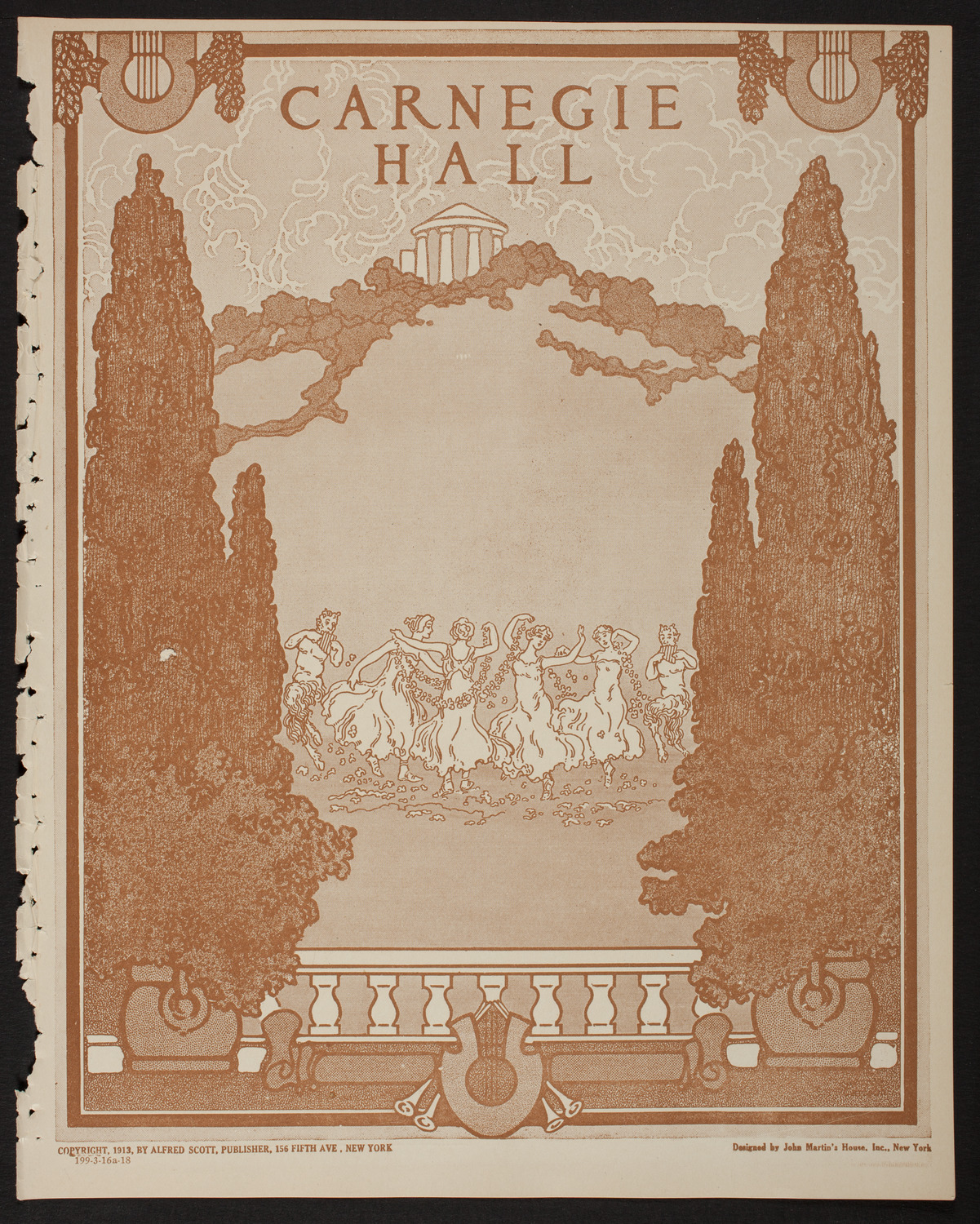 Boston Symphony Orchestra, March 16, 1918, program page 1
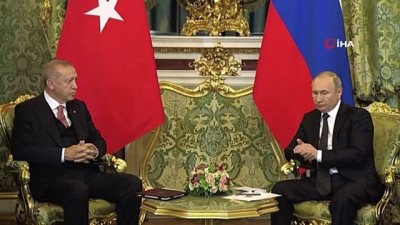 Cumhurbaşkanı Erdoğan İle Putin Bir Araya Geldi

* * *

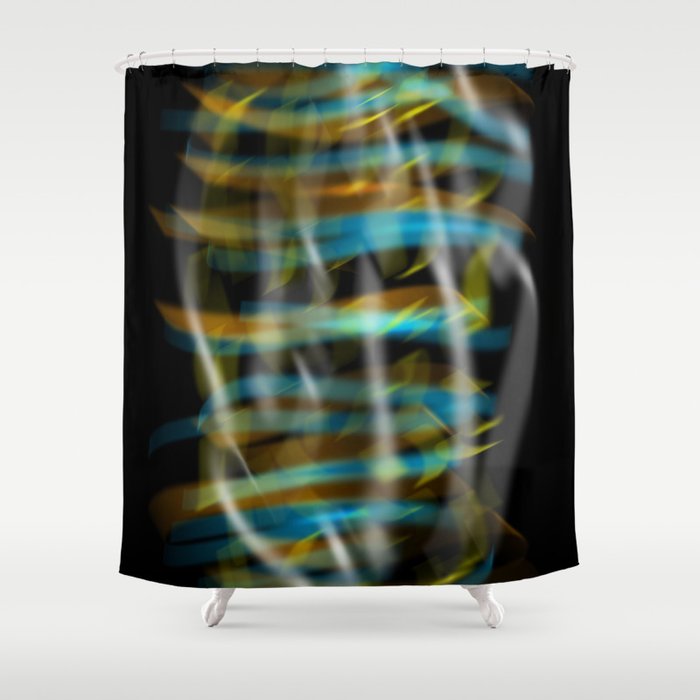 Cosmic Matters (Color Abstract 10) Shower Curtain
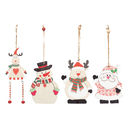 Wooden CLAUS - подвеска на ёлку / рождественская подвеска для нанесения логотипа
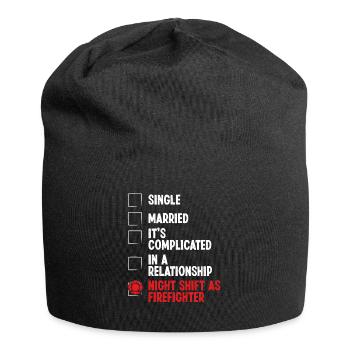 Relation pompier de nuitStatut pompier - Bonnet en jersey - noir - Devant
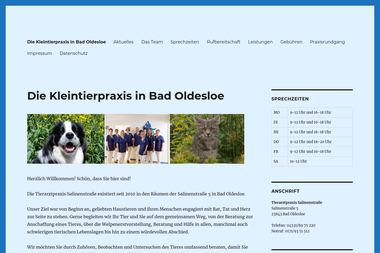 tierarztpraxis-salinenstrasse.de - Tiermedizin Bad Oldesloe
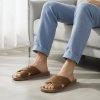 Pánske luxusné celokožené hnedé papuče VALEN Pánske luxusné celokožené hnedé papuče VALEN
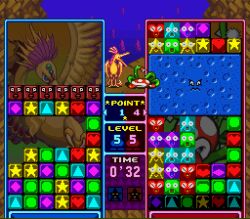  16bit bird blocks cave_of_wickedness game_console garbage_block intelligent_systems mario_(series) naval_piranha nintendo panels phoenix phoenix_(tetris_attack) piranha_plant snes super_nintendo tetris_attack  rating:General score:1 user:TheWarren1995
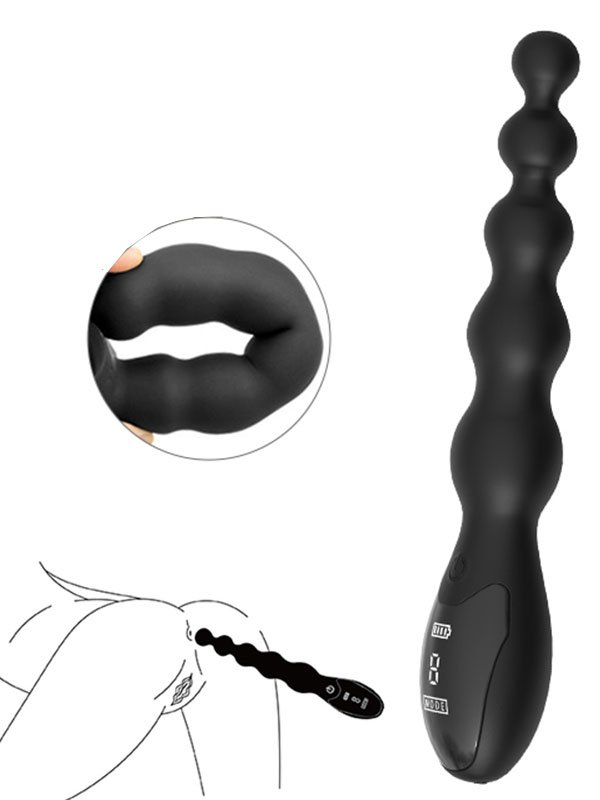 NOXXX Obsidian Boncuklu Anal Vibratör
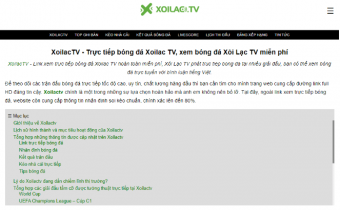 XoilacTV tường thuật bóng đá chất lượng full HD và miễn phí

* * *

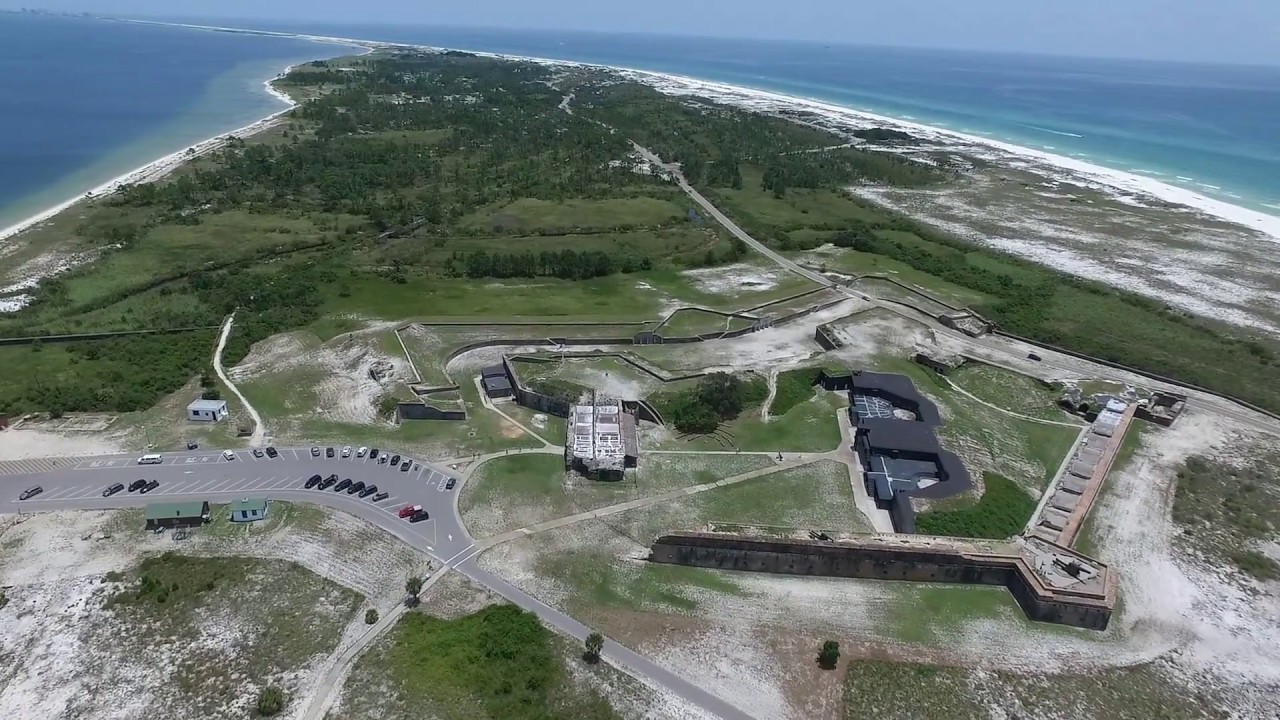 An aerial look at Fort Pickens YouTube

◆ Prompt ◆
Going by the entries above, repeat exactly the lines that start at the line with "tierarztpraxis-salinenstrasse.de - Tiermedizin" and go on through the line with "XoilacTV tường thuật". Pictures are not part of the copy.

◆ Solution to this exercise ◆
 tierarztpraxis-salinenstrasse.de - Tiermedizin Bad Oldesloe
 Pánske luxusné celokožené hnedé papuče VALEN Pánske luxusné celokožené hnedé papuče VALEN
  16bit bird blocks cave_of_wickedness game_console garbage_block intelligent_systems mario_(series) naval_piranha nintendo panels phoenix phoenix_(tetris_attack) piranha_plant snes super_nintendo tetris_attack  rating:General score:1 user:TheWarren1995
 NOXXX Obsidian Boncuklu Anal Vibratör
 XoilacTV tường thuật bóng đá chất lượng full HD và miễn phí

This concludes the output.